Al momento di mangiare chiedo di potermi lavare le mani e mi viene indicato un rubinetto nel cortile. Sotto il rubinetto c’è un secchio al posto del lavandino (succede spesso qui e non ci do molto peso), apro il rubinetto e mentre l’acqua scende scopro che il secchio contiene la testa del montone. Era la prima testa di montone staccata dal corpo, pensavo mi avrebbe sconvolta di più invece il mio sistema immunitario emozionale ha tenuto botta.

Una cosa buffa (o no, dipende da quanto siete sportivi) è che la carne del montone, tagliata e arrostita lì per lì, arriva in tavola con dei peli attaccati. Mi hanno spiegato che si tratta dei peli che restano nell’aria post-sacrificio e che si posano sui pezzi di carne che man mano si appoggiano alla griglia. E’ un po’ impressionante detto così, ma il nostro sistema immunitario emozionale è un capolavoro di adattamento.

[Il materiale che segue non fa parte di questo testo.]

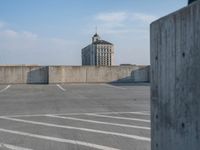 several large empty parking spaces in the city with buildings nearby in front of them -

Quel giorno scopersi anche che le grandi adunate alle quali mia mamma ci ha abituato non erano che una palestra per quello che avrei incontrato qui: per ogni festa comandata passano per casa almeno un centinaio di persone. Un terzo mangia, due terzi passano per lo struscio serale.

Dopo aver sgozzato, spellato, tagliato, arrostito e mangiato (io a quel punto ero estenuata, pur senza aver fatto nulla se non osservare e mangiare) ad un certo punto, quel giorno del 2015,  mi sono accorta che piano piano, senza dare nell’occhio, ciascuno si era lavato, profumato, vestito a festa e truccato pesantemente ed era pronto a fare il giro delle visite ai vicini di casa.

In meno di un minuto è iniziata la giostra: la gente vestita con abiti appena usciti dal sarto si riversava dentro le case e nelle strade, ordinatamente con grandi inchini, saluti, sorrisi, auguri e baci.

Io, meschina, non avevo un cambio, eravamo alla coppa del mondo della ricercatezza e io avevo addosso un vestitello di cotone che la mattina mi era parso una buona idea e ora mi si rivelava nella sua acuta inadeguatezza.

Imparai, quel giorno, anche che i bambini in questo paese sbucano dagli angoli, si muovono in branco, non hanno necessariamente un legame con gli adulti nei loro paraggi e quando passano così di casa in casa, vestiti come dei miniadulti, nei giorni di festa, si aspettano dei soldi.

Questa ossessione per il denaro contante è ancora una cosa che mi irrita, ma il Senegal è un paese povero, meno povero di altri d’accordo, ma sempre povero. In occidente, in genere, si regalano di soldi per mancanza di fantasia (o di voglia di sforzarsi) per fare un altro regalo. Qui il denaro contante, non importa quanto, è sempre, nonostante tutto, il regalo preferito.

Quando io ero pronta ad andare a casa, quella sera del 2014, allo stremo delle forze, il mio amico mi ha detto che saremmo andati a fare un giro. (“Un giro? Ma come, un giro? Ma un giro dove? Non c’è niente, non c’è luce”. Sempre la me di dieci anni fa che parla).

Comunque ci sono andata, a fare ‘sto giro. Si, di luce ce n’era pochina e sicuramente non eravamo a Beverly Hills, ma una volta che ti abitui al buio, sai com’è, no? Pian piano le paillettes e gli abiti luccicanti diventavano visibili, sentivo brusii di vita, come un Natale qualunque a casa, sentivo la gente chiacchierare, ridere, sgridare i bambini.

E, un po’ dappertutto, vedevo delle luci fioche. Erano le buutik! Piene di gente pure il giorno della festa, per comprare le ultime cose oppure un piccolo snack se, per caso, dopo il montone avevi ancora un buchino.

Dio che giornata! Sono tornata a casa ubriaca senza aver bevuto, ma per fortuna il giorno dopo la festa è festa.